I didn't get into University of Washington's graduate creative writing program. After walking around the campus just now - I dont know what to say. The neo-classical architecture towering above gnarled and blossomed courtyards is ... precisely the sort of setting I want to study in. But, I didnt get into University of Washington.

I, instead, received a phone call from James McMichael last Friday morning. He told me he liked my work. He told me that they had a place for me at UCI.

Where? Back into your heart my dear Los Angeles. Back into the lower tropics of your abdomen. How can a man write poetry in such a place? I demand the answer.

I called him back promptly yesterday morning and accepted the offer. I will be teaching (TA position) undergraduate composition next year. I will be writing poetry under one of America's best poets.

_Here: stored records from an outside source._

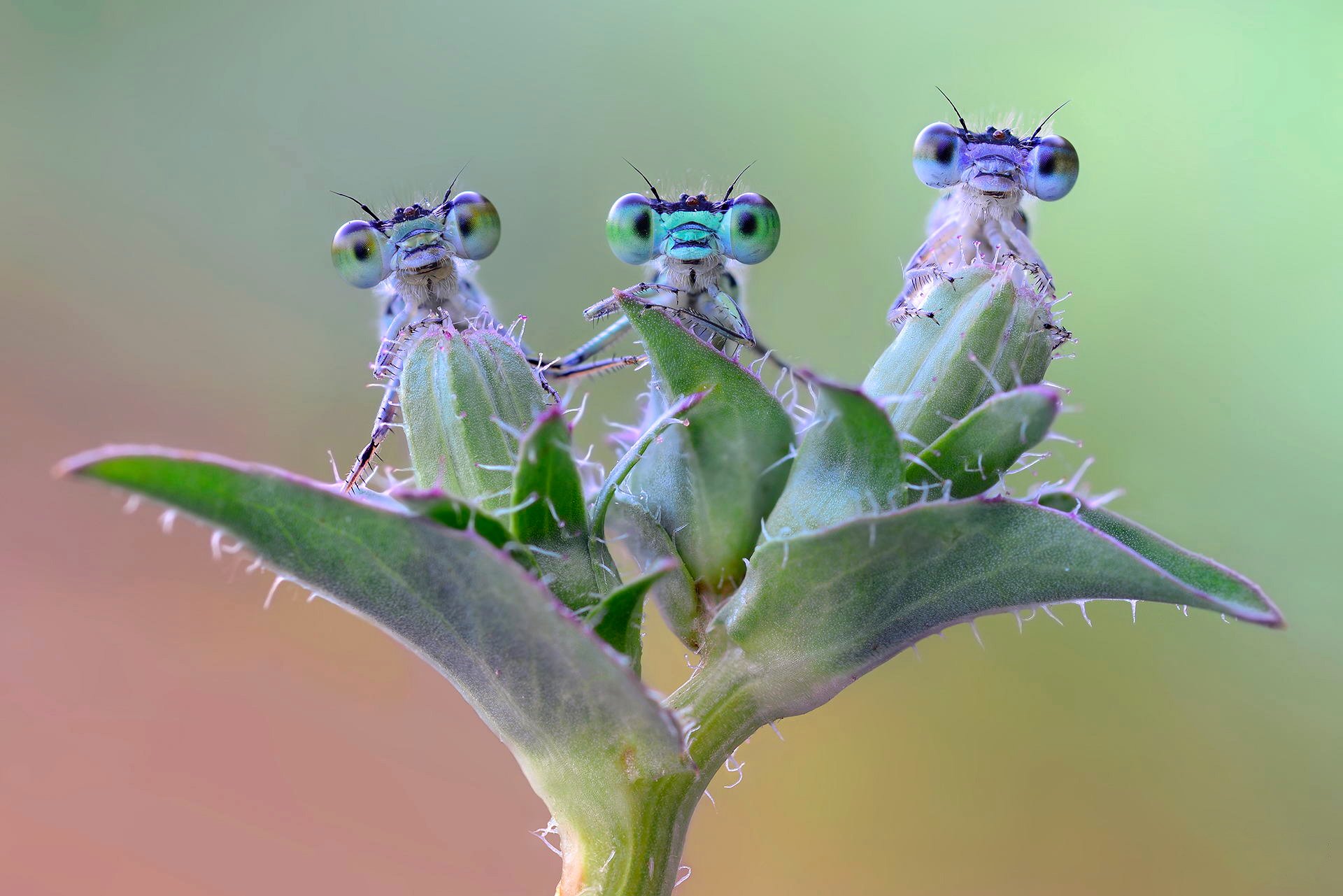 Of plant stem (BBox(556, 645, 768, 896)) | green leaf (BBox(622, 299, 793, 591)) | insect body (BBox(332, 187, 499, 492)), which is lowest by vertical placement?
plant stem (BBox(556, 645, 768, 896))

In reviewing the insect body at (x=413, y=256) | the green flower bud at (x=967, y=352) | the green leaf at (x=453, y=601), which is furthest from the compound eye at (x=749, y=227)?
the green leaf at (x=453, y=601)

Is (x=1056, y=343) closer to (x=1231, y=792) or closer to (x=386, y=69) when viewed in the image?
(x=1231, y=792)

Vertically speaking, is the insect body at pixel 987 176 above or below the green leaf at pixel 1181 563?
above

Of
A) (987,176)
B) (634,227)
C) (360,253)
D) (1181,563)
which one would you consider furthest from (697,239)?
(1181,563)

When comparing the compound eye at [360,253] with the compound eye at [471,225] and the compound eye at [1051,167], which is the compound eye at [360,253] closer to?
the compound eye at [471,225]

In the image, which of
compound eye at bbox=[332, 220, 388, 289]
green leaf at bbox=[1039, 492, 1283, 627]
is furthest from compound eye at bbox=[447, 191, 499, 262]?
green leaf at bbox=[1039, 492, 1283, 627]

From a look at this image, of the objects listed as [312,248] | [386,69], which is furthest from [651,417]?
[386,69]

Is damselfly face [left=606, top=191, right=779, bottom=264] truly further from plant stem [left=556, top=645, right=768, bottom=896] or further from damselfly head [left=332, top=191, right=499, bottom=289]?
plant stem [left=556, top=645, right=768, bottom=896] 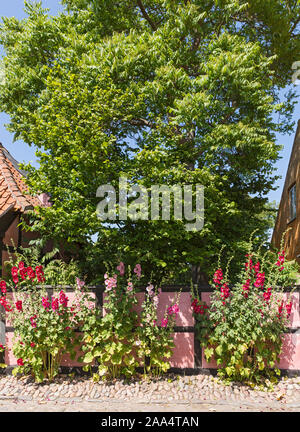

I will be in Southern California. After being here today, seeing the alternately delicate and stone-heavy beauty of the University of Washington, I dont know what to say. The large quietness is growing, yes you, child of quietness - growing in my stomach. I made promises to Los Angeles, and apparently someone is seeing to it that I carry them out.

Thursday, March 23, 2006

Ghazal - an amendment

So, after Mike's comment, and doing some of my own research, I have found that Robert Bly, the great poet, was wrong in his descriptions of ghazals. And therefore I was wrong. I apologize. But - this is good news - I think our way is better.
So a correct ghazal is a poetic collection of Shers. A Sher is a two line poem, with an exact meter called Beher . A Ghazal then is a series of two line poems, and each end with the same word or set of words.
But it only required a cursory examination of the couplet Ghazal to see that two lines was one too few. The problem of the repeated words becoming monotonous was already lingering when I considered the 3 line ghazal, but when words and rhythm was carefully constructed it was avoided. But the 2 line ghazal becomes ALL ABOUT those repeated words. They drum a bit too heavily in the head, like over exaggerated rhymes in a ballad.
Therefore; I was wrong, but I still think I was right.
What do you think Mike?

Wednesday, March 22, 2006

A Ghazal

Robert Bly has begun writing in a Sufi Muslim form, called a Ghazal.
A ghazal consists of 5 to 26 stanza's of three lines, And generally you repeat the same group of words at the end of every stanza. I haven't in this one. Since this form mostly manifested as an oral tradition, another standard practice was to mention your name in the last stanza.
The last rule was that each stanza must change subjects entirely.
-----

I stand with one finger on my lips. This posture
is the only expression of the heavy sorrow
that has taken root. I wait and hold. Thus life begins.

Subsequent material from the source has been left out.